Luther's Theses and the Role of the Printing Press [audio] - brudgers
https://www.newberry.org/95-theses-you-wont-believe-what-32-is
======
RmDen
Make sure to check out Dan Carlin's Prophets of Doom
[http://www.dancarlin.com/product/hardcore-
history-48-prophet...](http://www.dancarlin.com/product/hardcore-
history-48-prophets-of-doom/) after you are done with this one.....

------
dredmorbius
This is from the Newberry Library, in Chicago, a premier private research
library.

Show Notes

1:58 – Luther’s original goals for the 95 Theses.

4:10 – Today, the 95 Theses look a lot like the sixteenth-century version of a
listicle. Was this a common form for presenting theological arguments in those
days?

7:07 – A reading of thesis #32.

9:16 – At what point did Luther realize just how revolutionary the 95 Theses
were?

11:37 – Print spreads Luther’s ideas much farther than he ever imagined
possible.

13:38 – Rome’s response to the 95 Theses.
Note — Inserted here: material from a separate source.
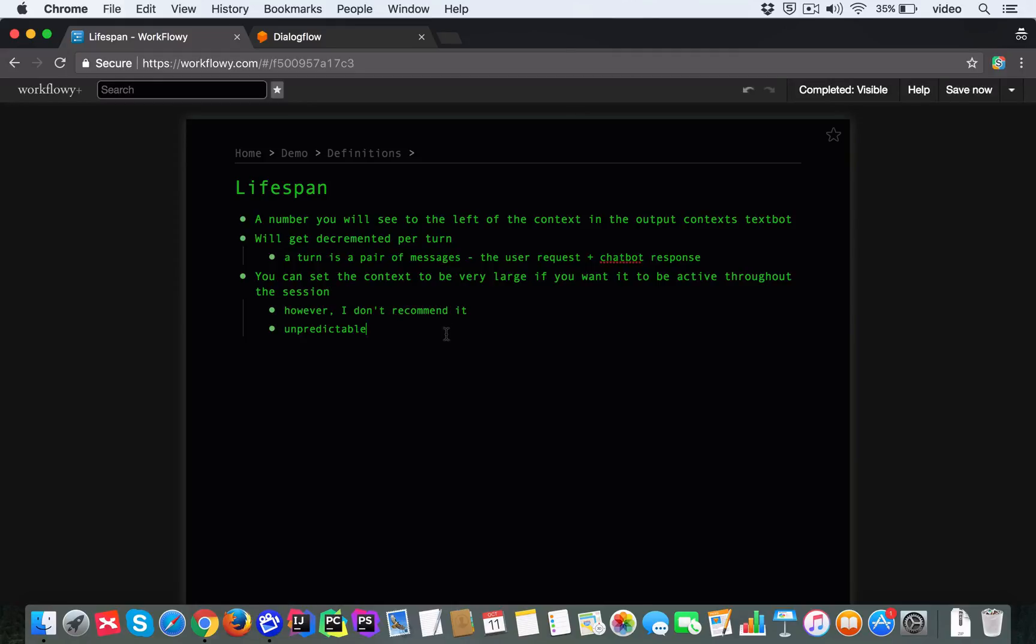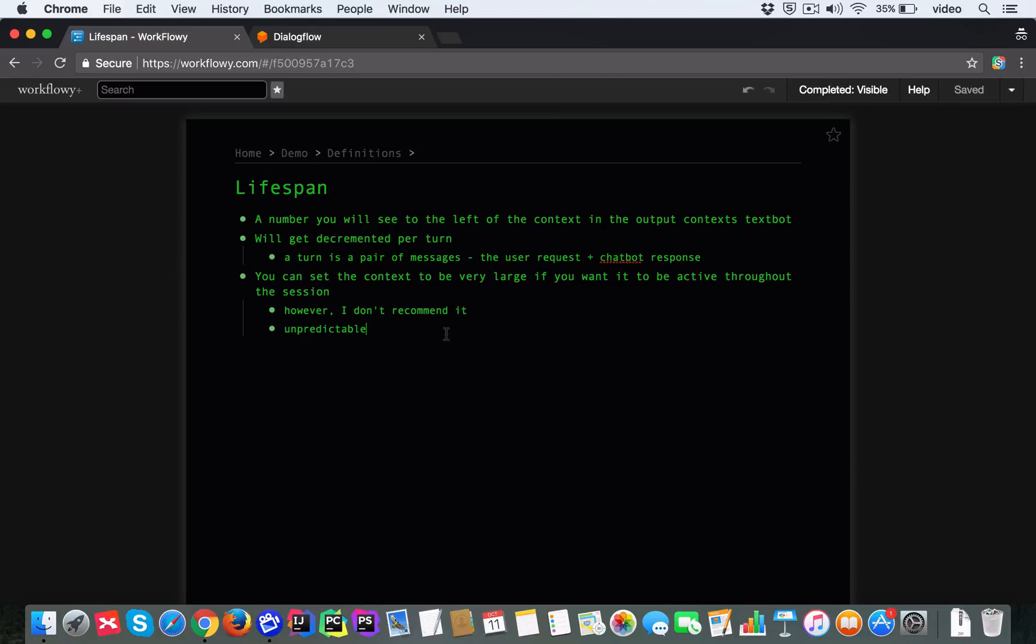And I think it's also unpredictable. I have an article about this on my website. And you can go and check it out. It's called the optimal lifespan of a context. And I think that using a context of one makes your chatbot a lot easier to reason about. But that's an advanced topic. And I don't want to go into that for now. But this was an overview of what the context lifespan is.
15:37 – Luther harnesses the power of print to win public opinion and make
theological debates accessible to a larger audience.

19:12 – The synergy between the medium (print) and the message (direct access
to the Bible).

23:18 – Luther’s regrets after empowering people to read the Bible and giving
them a model for sharing their ideas with the world.

------
baldfat
I absolutely love Luther but today's evangelical church would mostly hate him.

My favorite thing was the book covers of his books and pamphlets. One had the
Pope blowing a trumpet with his flatulence with his bare butt cheeks.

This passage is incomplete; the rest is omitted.